Resources and parallelism
Overview
Teaching: 30 min
Exercises: 15 minQuestions
How do I scale a pipeline across multiple cores?
How do I manage access to resources while working in parallel?
Objectives
Modify your pipeline to run in parallel.
After the exercises at the end of our last lesson, our Snakefile looks something like this:
# our zipf analysis pipeline
DATS = glob_wildcards('books/{book}.txt').book
rule all:
input:
'zipf_analysis.tar.gz'
# delete everything so we can re-run things
rule clean:
shell:
'''
rm -rf results dats plots
rm -f results.txt zipf_analysis.tar.gz
'''
# count words in one of our "books"
rule count_words:
input:
wc='wordcount.py',
book='books/{file}.txt'
output: 'dats/{file}.dat'
shell: 'python {input.wc} {input.book} {output}'
# create a plot for each book
rule make_plot:
input:
plotcount='plotcount.py',
book='dats/{file}.dat'
output: 'plots/{file}.png'
shell: 'python {input.plotcount} {input.book} {output}'
# generate summary table
rule zipf_test:
input:
zipf='zipf_test.py',
books=expand('dats/{book}.dat', book=DATS)
output: 'results.txt'
shell: 'python {input.zipf} {input.books} > {output}'
# create an archive with all of our results
rule make_archive:
input:
expand('plots/{book}.png', book=DATS),
expand('dats/{book}.dat', book=DATS),
'results.txt'
output: 'zipf_analysis.tar.gz'
shell: 'tar -czvf {output} {input}'
At this point, we have a complete data analysis pipeline. Very cool.

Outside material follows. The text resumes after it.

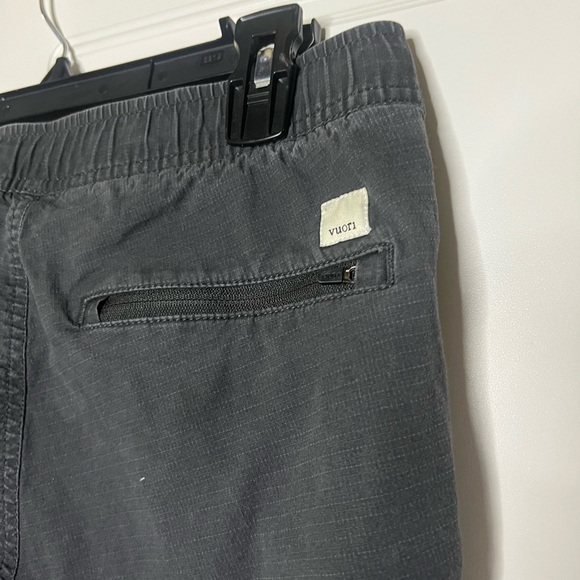 Vuori Ripstop Cotton Blend Pants - Picture 6 of 8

But how do we make it run as efficiently as possible?
Running in parallel
Up to this point, Snakemake has printed out an interesting message whenever we run our pipeline.
Provided cores: 1
Rules claiming more threads will be scaled down.
So far, Snakemake has been run with one core.
Let’s scale up our pipeline to run in parallel.
The only change we need to make is run Snakemake with the -j
argument.
-j
is used to indicate number of CPU cores available,
and on a cluster, maximum number of jobs (we’ll get to that part later).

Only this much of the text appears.